Valeu Rodrigo. Apareça sempre.

Pedro. disse...

Belíssimo post para iluminar a cidade e os tempos de outrora. Pra mim é sempre bom saber um pouco mais do seu primeiro período bauruense,importante e formativo. Pessoas, discos e referências. O meu período bauruense foi uma escola de aperfeicoamento de escuta crítica de música popular e rock. Um período que aprendi a ouvir o que já conhecia de maneira diferente e onde conheci muita coisa nova. Isto tudo eu devo a você, que com boa dose de didatismo me revelou a velhice do meu espírito e me devolveu a juventude com seus preciosos discos. Fun House, Loaded, Ziggy Stardust, Ok Computer (que ouvimos assim que foi lancado),Fellini, Racionais & muitos outros. Este é o Sérgio que eu conheco. A você um grande abraco.Pedro.
Pedro.

Sid disse...

Cara, viajei no post ...Leon Russel e Sergio Sampaio..
Eu viajei de trem... tenho isso em casa, desde sempre !!
Tuas estorias parecem minhas tb, rsrsrs

Valeu, veio !!


Sid

Anônimo disse...

Caralho!! Eu tenho esse vinil. Ganhei da ex mulher do meu tio quando era pivete. Aliás ela foi responsavel por minha educação musical..rsrs... me apresentou Bob Dylan, Supertramp, Pink Flyd, Police, Alice Chains.. e etc..
Boas lembraças!!
Belo texto
Abraço!

R.R disse...

Caralho!! Eu tenho esse vinil. Ganhei da ex mulher do meu tio quando era pivete.

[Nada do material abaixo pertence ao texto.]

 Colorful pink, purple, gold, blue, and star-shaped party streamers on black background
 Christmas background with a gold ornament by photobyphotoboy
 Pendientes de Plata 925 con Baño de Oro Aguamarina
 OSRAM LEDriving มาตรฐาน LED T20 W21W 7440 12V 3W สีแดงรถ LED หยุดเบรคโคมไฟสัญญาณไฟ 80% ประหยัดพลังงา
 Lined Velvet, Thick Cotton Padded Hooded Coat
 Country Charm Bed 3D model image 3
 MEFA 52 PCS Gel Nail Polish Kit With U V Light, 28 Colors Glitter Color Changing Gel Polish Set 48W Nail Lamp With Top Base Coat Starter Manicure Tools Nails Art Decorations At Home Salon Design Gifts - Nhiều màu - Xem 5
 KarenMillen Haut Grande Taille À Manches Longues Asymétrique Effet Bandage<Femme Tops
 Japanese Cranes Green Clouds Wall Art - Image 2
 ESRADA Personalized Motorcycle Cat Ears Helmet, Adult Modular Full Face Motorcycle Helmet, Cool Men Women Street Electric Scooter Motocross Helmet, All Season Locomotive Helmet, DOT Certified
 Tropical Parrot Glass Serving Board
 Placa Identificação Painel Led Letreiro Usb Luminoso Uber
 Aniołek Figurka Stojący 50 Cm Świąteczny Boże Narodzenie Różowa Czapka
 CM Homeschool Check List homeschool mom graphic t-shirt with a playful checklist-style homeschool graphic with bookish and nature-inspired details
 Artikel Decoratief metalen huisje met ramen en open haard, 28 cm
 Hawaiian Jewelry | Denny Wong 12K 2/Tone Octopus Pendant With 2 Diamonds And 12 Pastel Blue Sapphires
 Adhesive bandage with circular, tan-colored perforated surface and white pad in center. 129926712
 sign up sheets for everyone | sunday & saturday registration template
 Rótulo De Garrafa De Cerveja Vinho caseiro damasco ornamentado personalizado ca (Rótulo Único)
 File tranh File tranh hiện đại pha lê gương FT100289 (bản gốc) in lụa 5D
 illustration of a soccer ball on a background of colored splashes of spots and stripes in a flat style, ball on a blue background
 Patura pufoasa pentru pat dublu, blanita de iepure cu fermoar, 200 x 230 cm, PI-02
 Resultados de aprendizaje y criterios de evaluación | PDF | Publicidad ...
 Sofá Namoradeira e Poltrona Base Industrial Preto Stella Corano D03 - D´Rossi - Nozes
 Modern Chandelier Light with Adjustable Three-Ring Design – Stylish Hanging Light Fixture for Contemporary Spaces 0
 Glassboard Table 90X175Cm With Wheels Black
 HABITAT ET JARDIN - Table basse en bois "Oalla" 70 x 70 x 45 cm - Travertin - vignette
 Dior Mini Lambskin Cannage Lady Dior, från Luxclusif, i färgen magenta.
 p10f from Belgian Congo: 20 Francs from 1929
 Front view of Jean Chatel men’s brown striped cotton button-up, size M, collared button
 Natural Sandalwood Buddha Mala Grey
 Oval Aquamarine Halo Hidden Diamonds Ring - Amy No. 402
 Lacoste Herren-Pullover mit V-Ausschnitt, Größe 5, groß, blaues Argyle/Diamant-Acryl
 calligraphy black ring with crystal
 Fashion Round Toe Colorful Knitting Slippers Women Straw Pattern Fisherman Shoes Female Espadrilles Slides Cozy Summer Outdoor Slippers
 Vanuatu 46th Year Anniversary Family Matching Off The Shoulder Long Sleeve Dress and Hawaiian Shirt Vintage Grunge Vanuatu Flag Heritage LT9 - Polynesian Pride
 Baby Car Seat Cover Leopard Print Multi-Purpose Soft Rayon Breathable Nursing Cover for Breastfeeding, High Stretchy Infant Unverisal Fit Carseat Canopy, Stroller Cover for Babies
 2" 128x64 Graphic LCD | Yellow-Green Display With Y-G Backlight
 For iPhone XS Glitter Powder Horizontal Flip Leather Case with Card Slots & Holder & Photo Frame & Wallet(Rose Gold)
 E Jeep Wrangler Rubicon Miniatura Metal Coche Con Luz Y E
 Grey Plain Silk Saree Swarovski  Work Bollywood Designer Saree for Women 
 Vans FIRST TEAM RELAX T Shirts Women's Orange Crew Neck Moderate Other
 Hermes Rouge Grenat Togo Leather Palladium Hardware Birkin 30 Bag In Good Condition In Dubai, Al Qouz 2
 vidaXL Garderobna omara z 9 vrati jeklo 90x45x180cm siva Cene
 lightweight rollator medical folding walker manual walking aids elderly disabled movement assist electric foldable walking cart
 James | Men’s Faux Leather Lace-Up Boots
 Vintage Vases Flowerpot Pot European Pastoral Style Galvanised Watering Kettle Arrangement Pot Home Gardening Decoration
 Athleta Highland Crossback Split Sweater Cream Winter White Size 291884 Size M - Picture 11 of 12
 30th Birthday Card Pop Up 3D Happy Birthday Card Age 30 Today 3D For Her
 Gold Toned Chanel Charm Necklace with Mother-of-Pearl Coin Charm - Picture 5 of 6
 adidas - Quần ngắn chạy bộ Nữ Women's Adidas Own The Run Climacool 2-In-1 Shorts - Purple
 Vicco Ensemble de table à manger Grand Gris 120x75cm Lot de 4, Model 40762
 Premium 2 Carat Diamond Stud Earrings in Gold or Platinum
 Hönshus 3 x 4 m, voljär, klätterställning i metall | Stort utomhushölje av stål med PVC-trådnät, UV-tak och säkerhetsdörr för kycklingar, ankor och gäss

Aliás ela foi responsavel por minha educação musical..rsrs... me apresentou Bob Dylan, Supertramp, Pink Flyd, Police, Alice Chains.. e etc..
Boas lembraças!!
Belo texto
Abraço!

Gustavo Martins disse...

Prezado Sérgio:

Viaqjávamos em Allman Brothers desde a adolescência, coisa rara no Brasil; mas Midnight Rider ouvimos pela primeira vez na voz do Ed Motta, com o Bues Etílicos fazendo o instrumental. Isso ao vivo, aqui em Curitiba, na falecida casa Coração Melão.

Agora que nossa vontade atiçou, vamos atrás do Leon Russel.

Fica a dica de uma banda protegida do Harrison, de contrapartida: BAD FINGER

POBRE MEU BLOG disse...

Pois é amigos ...essas velharias todas marcam a gente. Abraço e obrigado pela visita.